Research & Papers

1-bit per batch is enough: new bandit algorithms near optimal regret

Linear bandits with just one bit of feedback per batch match unconstrained performance.

Deep Dive

A team of researchers studied stochastic linear bandits under a combination of batching and communication constraints: the time horizon is split into batches of equal size B, and during each batch the learner sends B arm pulls, then the agent responds with a single bit of feedback. They proved a minimax lower bound and designed two phased-elimination algorithms that achieve regret within logarithmic factors of the unconstrained setting—even for batch sizes as large as Θ(√T).

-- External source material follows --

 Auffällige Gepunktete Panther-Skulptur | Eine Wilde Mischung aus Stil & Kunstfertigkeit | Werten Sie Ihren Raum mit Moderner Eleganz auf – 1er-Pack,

This shows a single bit of feedback per batch suffices to nearly match the minimax regret of unconstrained linear bandits in broad scaling regimes.

Key Points
  • Setting: batched linear bandits where agent returns only 1 bit per batch; learner designs quantization rule per batch.
  • Minimax lower bound: Ω(B min{d, log|A|}) regret from communication alone, plus standard statistical terms.
  • Two algorithms achieve Õ(dB + d√T) and Õ(B log|A| + d^{3/2}√B + √(dT log|A|)) regret, nearly matching lower bounds.

Why It Matters

Enables near-optimal learning with extreme communication constraints, key for distributed sensing and low-power AI agents.